Provided data:

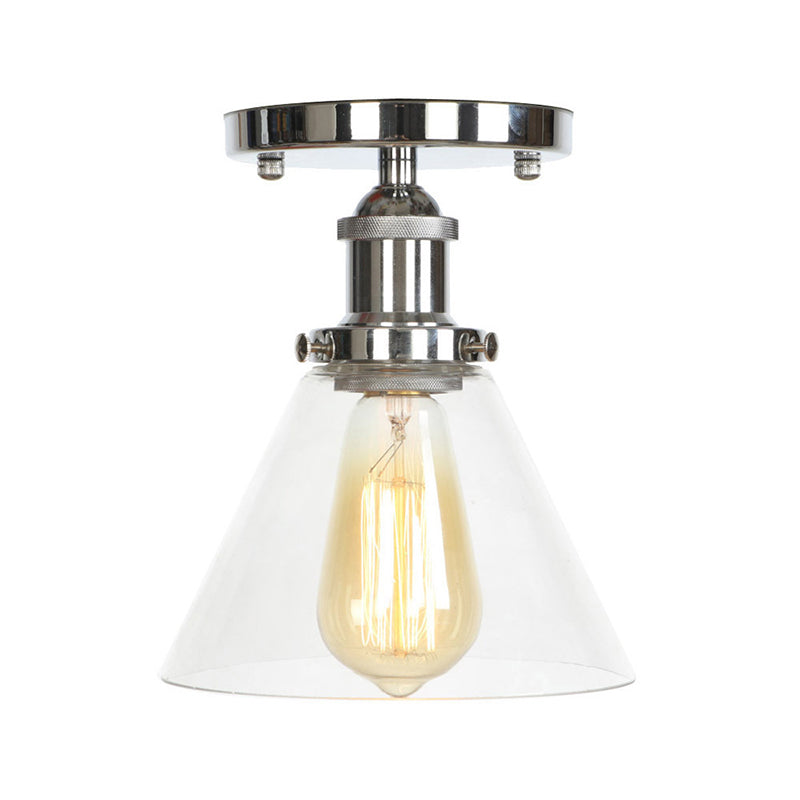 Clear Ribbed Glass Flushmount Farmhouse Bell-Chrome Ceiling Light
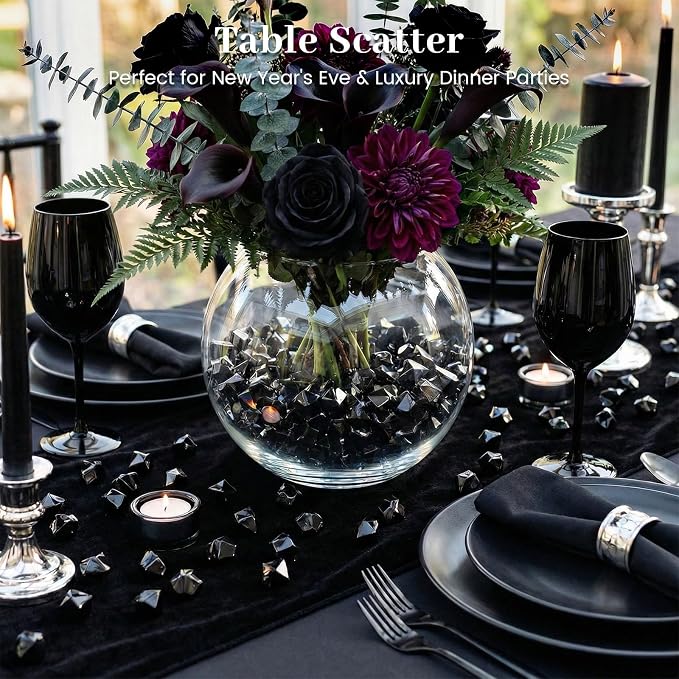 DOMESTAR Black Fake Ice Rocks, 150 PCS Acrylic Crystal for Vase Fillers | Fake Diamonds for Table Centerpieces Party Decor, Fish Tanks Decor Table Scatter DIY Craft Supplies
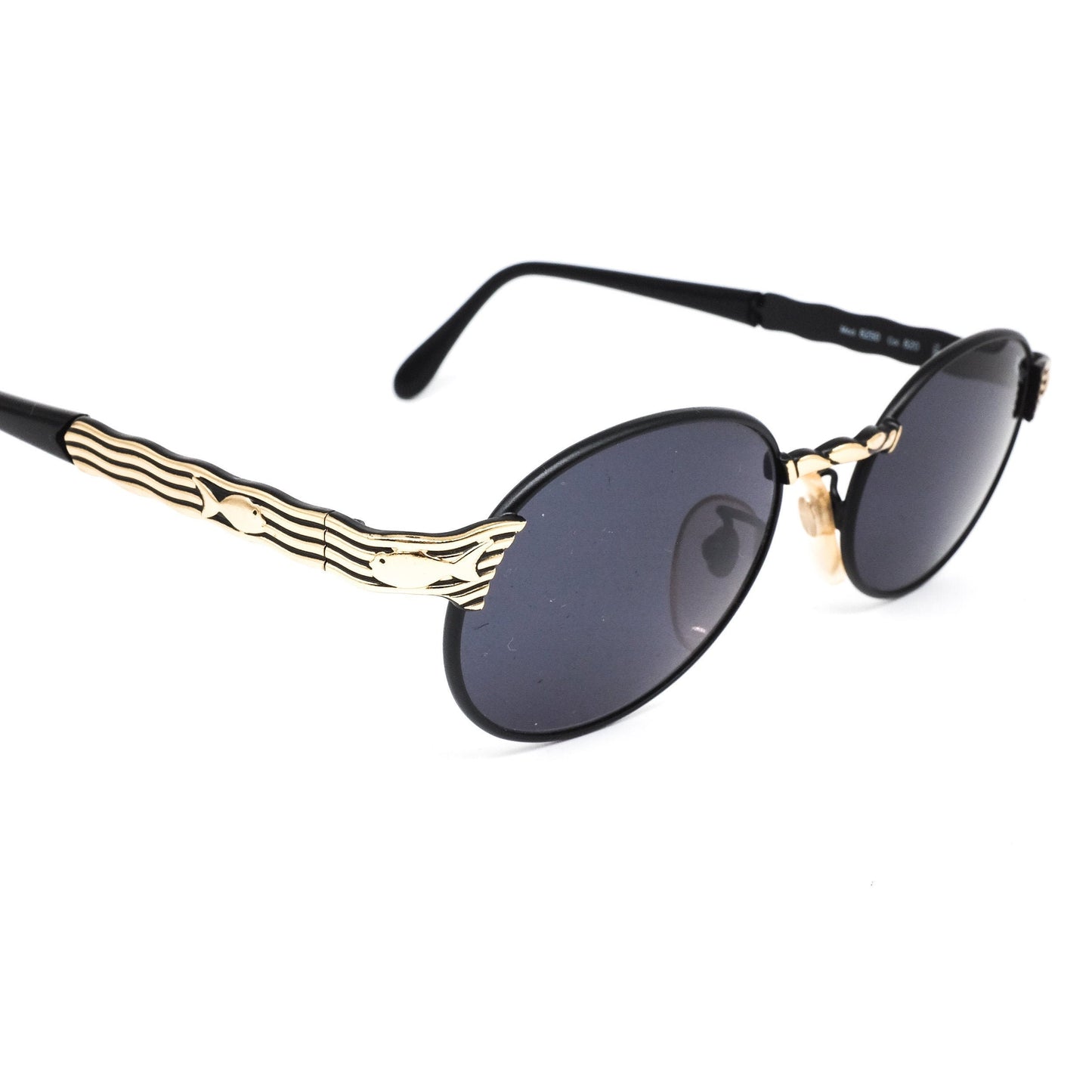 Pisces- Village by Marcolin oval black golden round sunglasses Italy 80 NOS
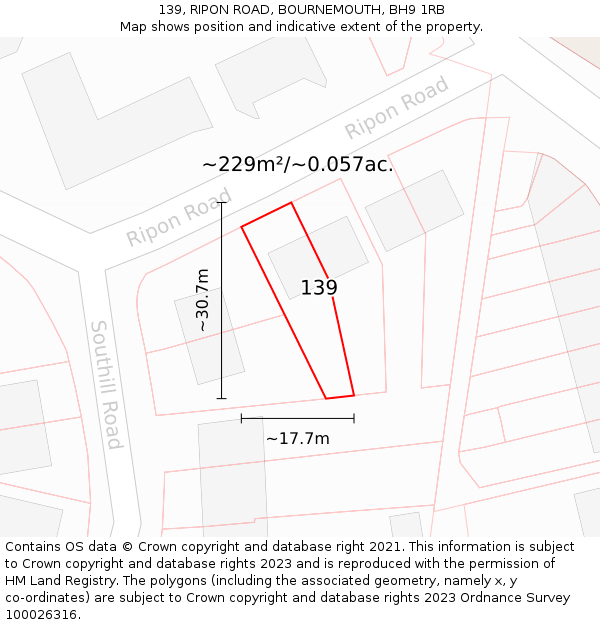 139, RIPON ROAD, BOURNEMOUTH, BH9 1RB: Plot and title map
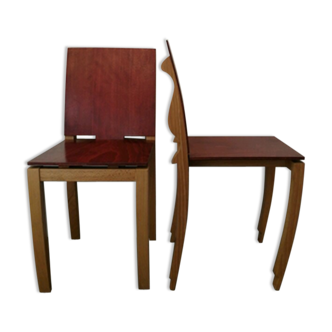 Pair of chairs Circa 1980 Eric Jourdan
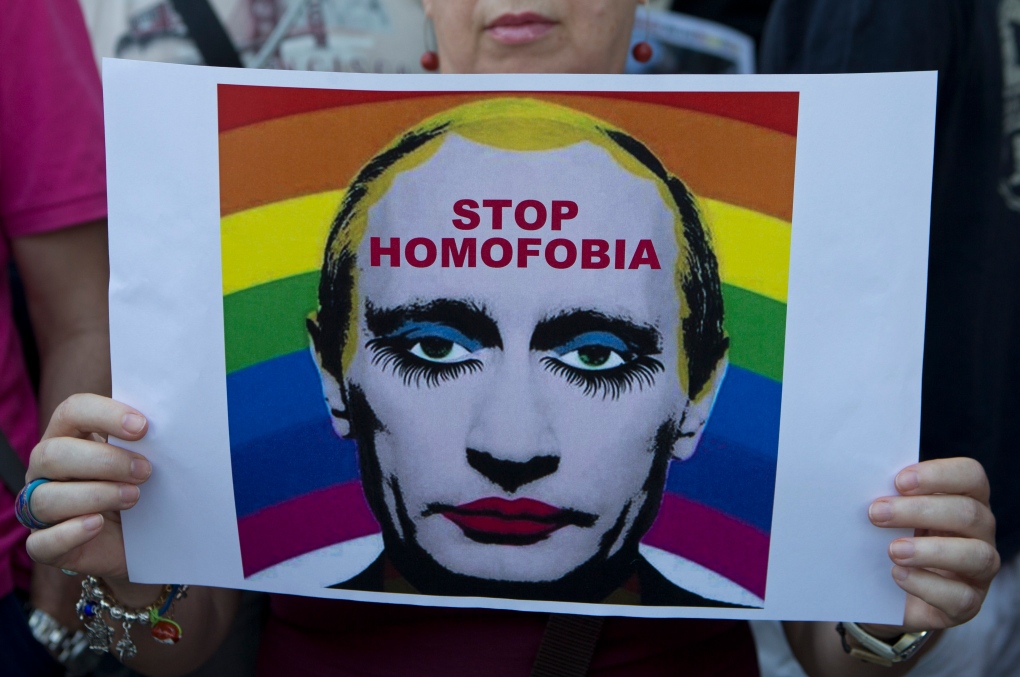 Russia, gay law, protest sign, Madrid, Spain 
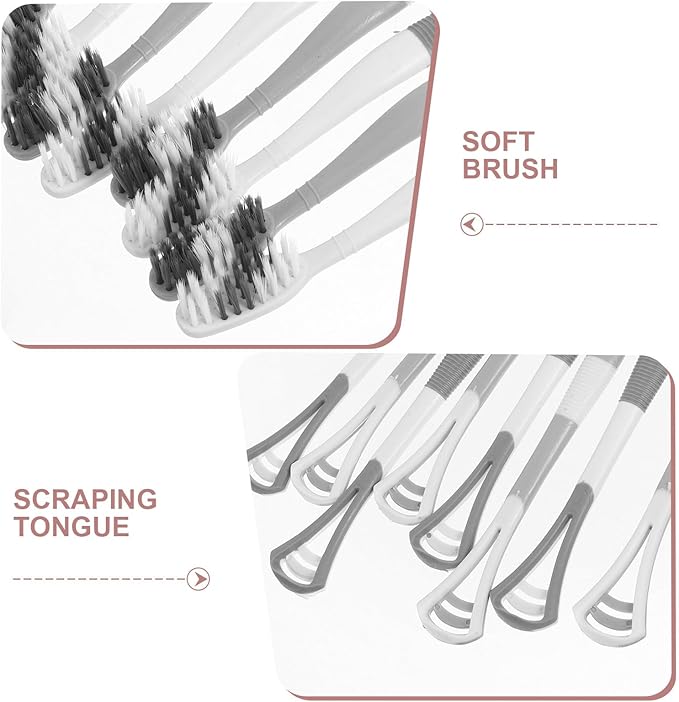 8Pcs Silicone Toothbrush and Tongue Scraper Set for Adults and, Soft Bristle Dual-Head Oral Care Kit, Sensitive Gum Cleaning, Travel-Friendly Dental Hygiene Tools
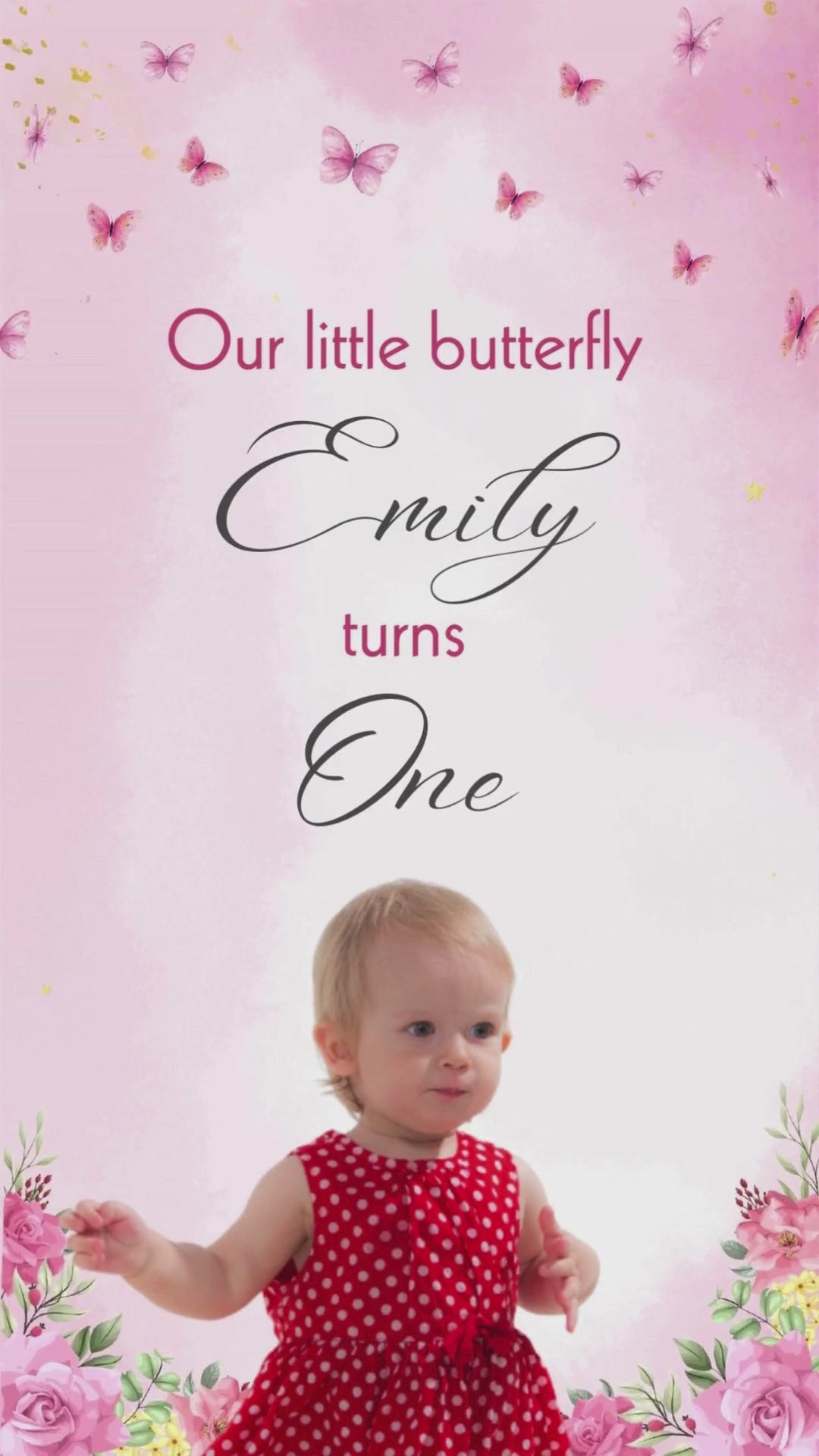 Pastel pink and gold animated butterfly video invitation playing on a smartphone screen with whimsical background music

Problem statement: Starting from the line where "139, RIPON ROAD, BOURNEMOUTH, BH9" appears, copy every line through the end of the material, both ends included, but no pictures.

Problem solution:
 139, RIPON ROAD, BOURNEMOUTH, BH9 1RB: Plot and title map
 Pair of chairs Circa 1980 Eric Jourdan
 Russia, gay law, protest sign, Madrid, Spain 
 8Pcs Silicone Toothbrush and Tongue Scraper Set for Adults and, Soft Bristle Dual-Head Oral Care Kit, Sensitive Gum Cleaning, Travel-Friendly Dental Hygiene Tools
 Pastel pink and gold animated butterfly video invitation playing on a smartphone screen with whimsical background music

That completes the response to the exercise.